## Activity
Each entry below is to be transcribed exactly; pictures are not copied.

## Material for this task
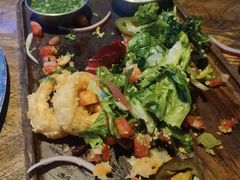 -Q MEX 库迈墨西哥餐吧(三里屯店)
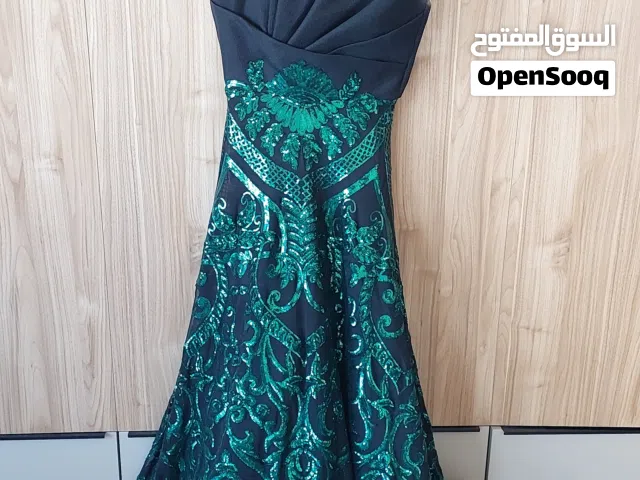 فستان سهرة مميز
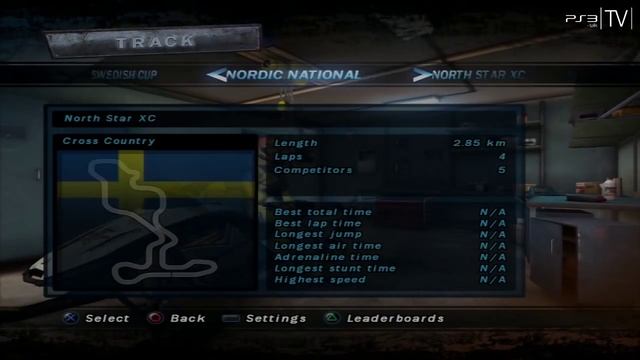 [Angezockt] Ski-Doo Snowmobile Challenge смотреть онлайн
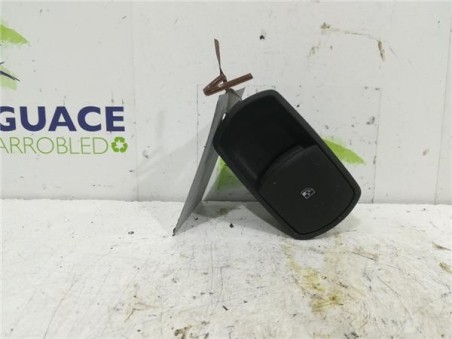 Botonera Puerta Delantera Derecha Opel CORSA E 1 4 16V CAT bivalent  Gasolina / GPL 
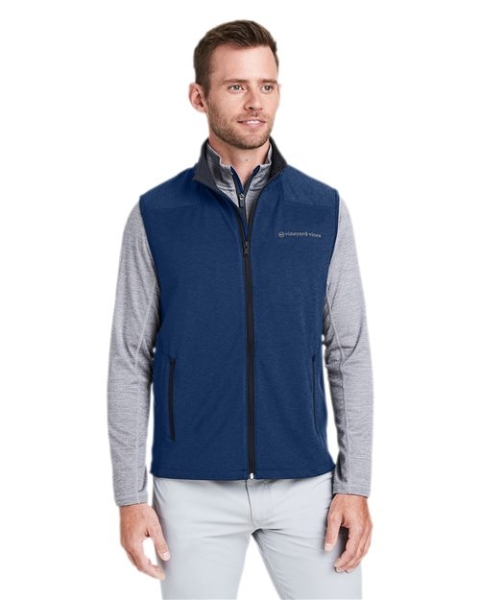 vineyard vines - Men's On-The-Go Shep Vest - O001400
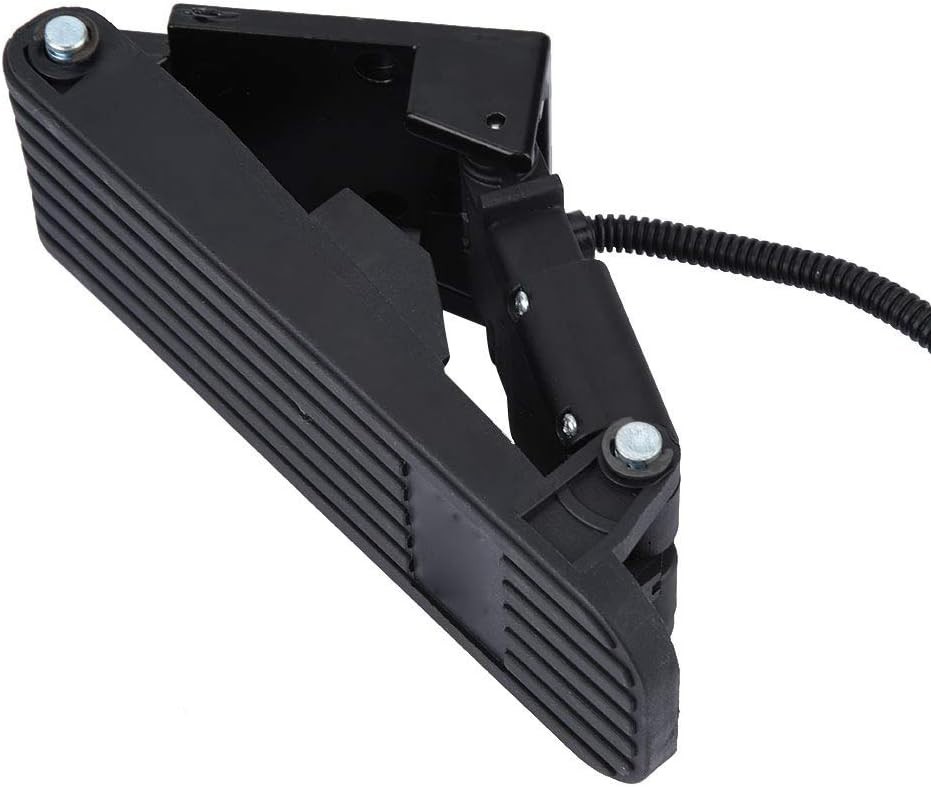 Modern Electric Scooter Accelerator Pedal Speed Control Foot ABS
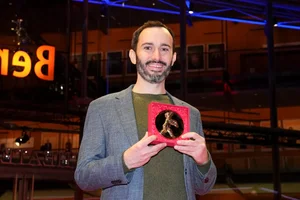 75th Berlin Film Festival: 'Dreams' Wins Prestigious Golden Bear Award - image 3
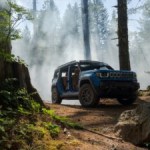 « L’excellence tout-terrain » : la nouvelle voiture électrique de Jeep ouvre un nouveau chapitre pour la marque « L’excellence tout-terrain » : la nouvelle voiture électrique de Jeep ouvre un nouveau chapitre pour la marque
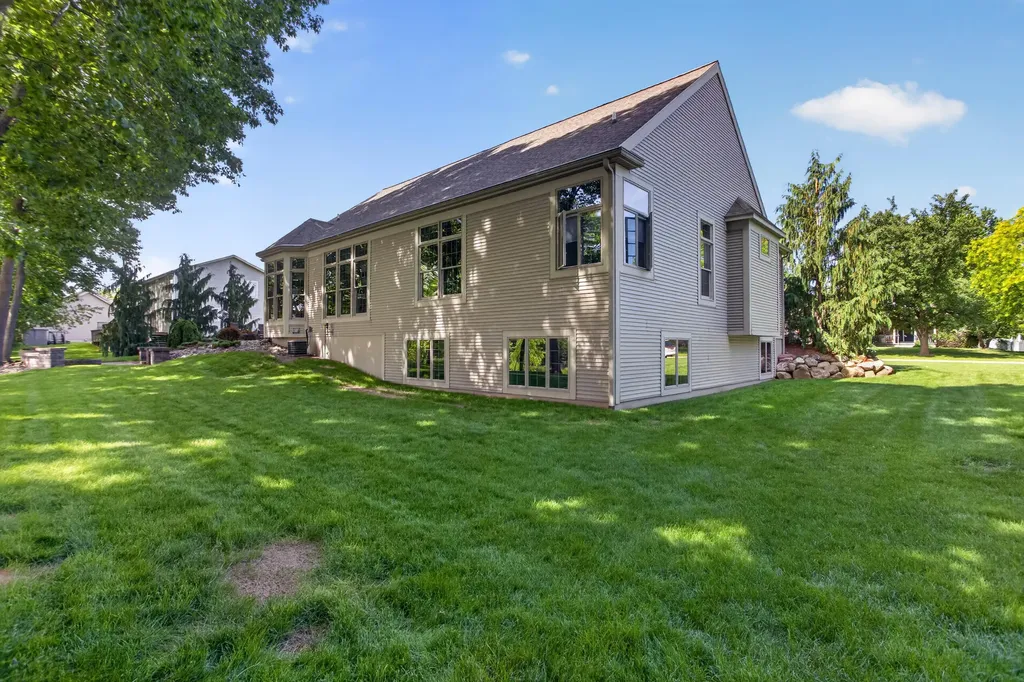 4215 Aspen Way Blackman Charter Township MI 49201
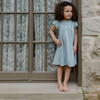 Daisy Dress, Blue - Dresses - 2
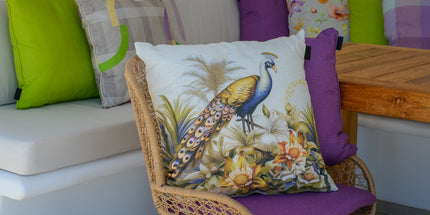 Collection image for: Kuipstoel kussens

## Your solution
 -Q MEX 库迈墨西哥餐吧(三里屯店)
 فستان سهرة مميز
 [Angezockt] Ski-Doo Snowmobile Challenge смотреть онлайн
 Botonera Puerta Delantera Derecha Opel CORSA E 1 4 16V CAT bivalent  Gasolina / GPL 
 vineyard vines - Men's On-The-Go Shep Vest - O001400
 Modern Electric Scooter Accelerator Pedal Speed Control Foot ABS
 75th Berlin Film Festival: 'Dreams' Wins Prestigious Golden Bear Award - image 3
 « L’excellence tout-terrain » : la nouvelle voiture électrique de Jeep ouvre un nouveau chapitre pour la marque « L’excellence tout-terrain » : la nouvelle voiture électrique de Jeep ouvre un nouveau chapitre pour la marque
 4215 Aspen Way Blackman Charter Township MI 49201
 Daisy Dress, Blue - Dresses - 2
 Collection image for: Kuipstoel kussens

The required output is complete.